On another note, I have an account with a significant balance in Belgium, and where the last movement, other than interest accumulation, was before January 2024.

So do I understand correctly from the OP that I can send the balance of that account to Thailand without paying income tax on it?

To make clear, my pension payments started January 2024 and are deposited in a different account.

Just now, CallumWK said:

Thanks and sorry for the misunderstanding about government pension. I never worked for the government

I had a look at it myself yesterday, and my pension is not due any income tax in Belgium because of the amount being below the threshold, so if I send it to Thailand, I will be taxed on everything above 150K Thai baht.

So Belgium is where my pension will remain.

On another note, I have an account with a significant balance in Belgium, and where the last movement, other than interest accumulation, was before January 2024.

So do I understand correctly from the OP that I can send the balance of that account to Thailand without paying income tax on it?

To make clear, my pension payments started January 2024 and are deposited in a different account.

Check your allowances, you have at least the 60K personal allowance (if you're married and your wife does not work you can have her 60K as well) & if you're >65 you get another 190K "Age Based" allowance, add this to the 1st 150K being "Taxed at 0%" and you may find that you can bring the 400K over with no tax...

Yes, any savings in a Bank account as at 31/12/2023 can be brought in without Tax, however as with everything to do with Thailand/Tax it's not that straightforward as they operate on FIFO (First In First Out).

So if you had 100K in your account as at 31/12/2023 but have since spent 60K of that replenshing it as your income has come in, then the available amount is 40K not 100K.

There's a long thread on here covering the Personal allowances (TEDA)... https://aseannow.com/topic/1324294-introduction-to-personal-income-tax-in-thailand/#comment-18822996

5 minutes ago, SamSpade said:

Yes, any savings in a Bank account as at 31/12/2023 can be brought in without Tax, however as with everything to do with Thailand/Tax it's not that straightforward as they operate on FIFO (First In First Out).

So if you had 100K in your account as at 31/12/2023 but have since spent 60K of that replenshing it as your income has come in, then the available amount is 40K not 100K.

Thanks for the clarification about the allowances.

Though the above is not clear to me.

The money in the savings account in Belgium hasn't had any movements since end 2023, other than interests been added yearly.
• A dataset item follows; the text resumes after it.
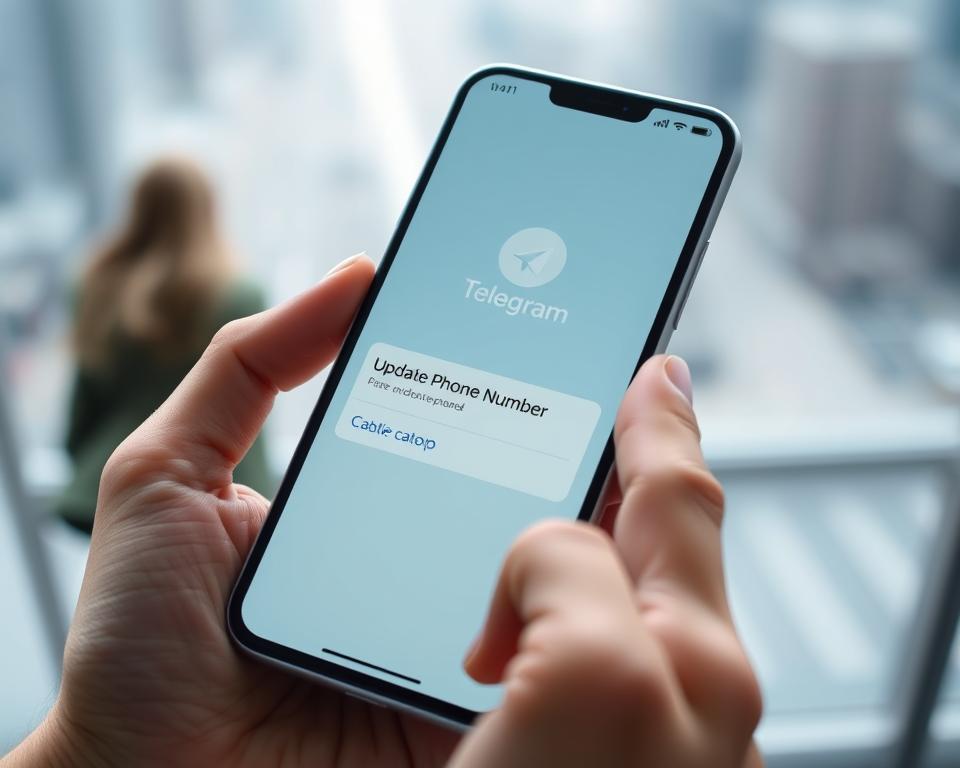 A modern and minimalist smartphone interface, with a clean and intuitive design. The foreground features a Telegram app screen, with a prominent "Update Phone Number" option prominently displayed. The middle ground shows a hand holding the smartphone, showcasing the seamless user interaction. The background has a subtle gradient or blurred cityscape, conveying a sense of mobility and connectivity. The lighting is soft and diffused, creating a calming and professional atmosphere. The camera angle is slightly elevated, giving a bird's eye view of the scene, emphasizing the user-friendly nature of the Telegram app's phone number update process. A modern and minimalist smartphone interface, with a clean and intuitive design. The foreground features a Telegram app screen, with a prominent "Update Phone Number" option prominently displayed. The middle ground shows a hand holding the smartphone, showcasing the seamless user interaction. The background has a subtle gradient or blurred cityscape, conveying a sense of mobility and connectivity. The lighting is soft and diffused, creating a calming and professional atmosphere. The camera angle is slightly elevated, giving a bird's eye view of the scene, emphasizing the user-friendly nature of the Telegram app's phone number update process.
In 2023 I didn't earn a pension yet, and pensions earned since 2024 are deposited in a current account, and eventually moved to other deposit accounts.

So far I didn't transfer any of my pension to Thailand.

3 minutes ago, CallumWK said:

Thanks for the clarification about the allowances.

Though the above is not clear to me.

The money in the savings account in Belgium hasn't had any movements since end 2023, other than interests been added yearly. In 2023 I didn't earn a pension yet, and pensions earned since 2024 are deposited in a current account, and eventually moved to other deposit accounts.

So far I didn't transfer any of my pension to Thailand.

Then all of the money in the savings account (excluding interest earned on it since 1/1/24) is not tax assessable when you bring it over :)

18 hours ago, JimGant said:

Interesting. What country are you from?

One which doesn't have a DTA that covers my private pension. And my pension is small enough not to attract any tax. The only reason I file a return in recent years is to claim a refund of withholding tax on Thai bank interest.

22 hours ago, CallumWK said:

My country is Belgium and all pensions are paid by the government

My view is it behooves all expats who may remit income (from abroad) to Thailand, should be aware of the DTA of their income source country with Thailand. I think there is more than one thread specific to the taxation aspects of income from different specific countries. For example, I did my best in contributing to a thread in regards to the Thailand-Canada DTA here:

Those from other countries, if there is not already a thread on one's country, one could consider starting such a thread (for a specific country) to share information.